As we walked to our next show munching on churros that were drying the shit out of our mouths, my best friend said she felt so weird, almost like she was rolling. We stopped and looked at each other. It hit us; we were rolling. Apparently, unbeknownst to us (obviously, I don’t do drugs), if MDMA is still in your system, other drugs (the rice krispie treats) could trigger a rerelease. I texted my mentor in Australia to confirm that this was truly a thing, and she assured us that it was exactly what we were experiencing.
Not since the incident with the Bens twenty minutes earlier had I experienced such an intense epiphany. WE WERE ROLLING. This changed everything. Once I realized what was happening to my body, the cloudiness I was struggling through passed. Everything made perfect sense. But it made too much sense; I got scared. I wasn’t prepared for this. I didn’t know if I wanted to be rolling. My heart began to race with anxiety, until I gave myself a mental slap.
“Heather, this is only going to be two hours of your life. Get a grip and just have fun. It’s just drugs.”
So, that’s what I did. I went to watch Girl Talk throw down some sweet mash-ups as I rolled in and out of mental awareness, compulsively touching my back pocket to make sure my cell phone was still there. I was deathly afraid of losing my phone while my brain was exploding. I stood in one spot, mesmerized by the flashing lights as my best friend kept telling me to “come up” and join her. She was standing on a square metal base of a railing, one inch above the grass. She told me later that she imagined I thought I was dancing really big, when in reality I was holding my arms tight to my body as I slightly swayed.

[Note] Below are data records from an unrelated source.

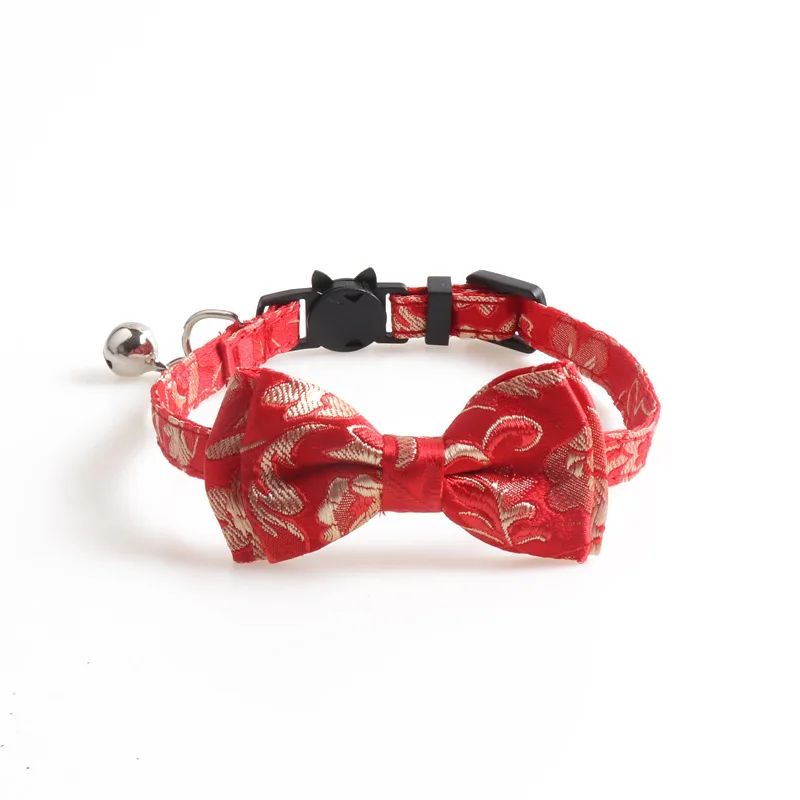 11531690137_307791824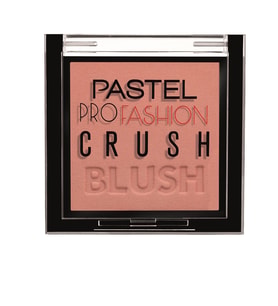 Pastel Crush Blush Allık No:302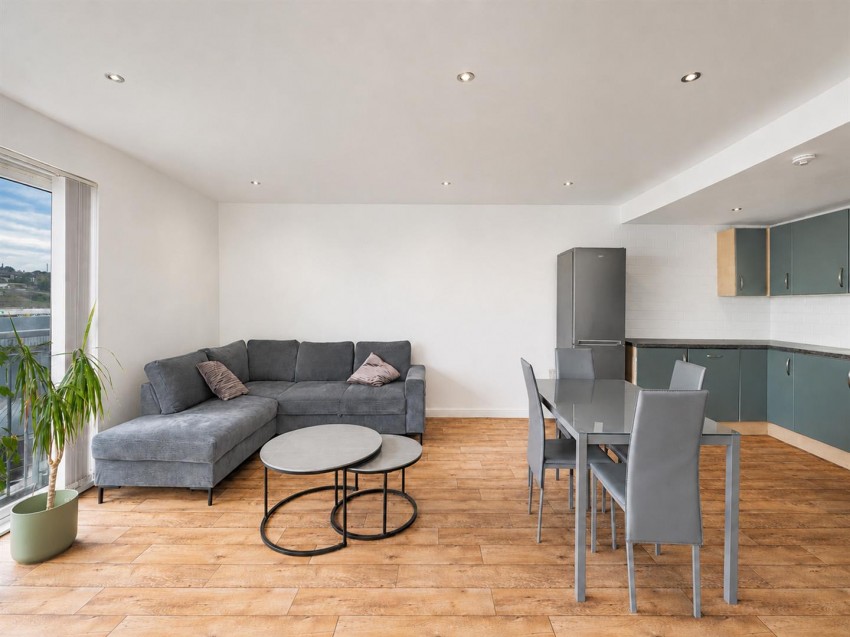 Images for Thorter Loan, Dundee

At the end of the show, a confetti canon was set off. “We’re in a snow globe!” I said to my friend. “It looks like CGI,” she said back to me. “It’s real though,“ I replied.
It was real. The whole thing was real. I did drugs.
Would I do it again? Maybe. I suppose if it was handed to me, I might do it. I’d never seek it out, because that would mean that I do drugs, and me, I don’t really do drugs.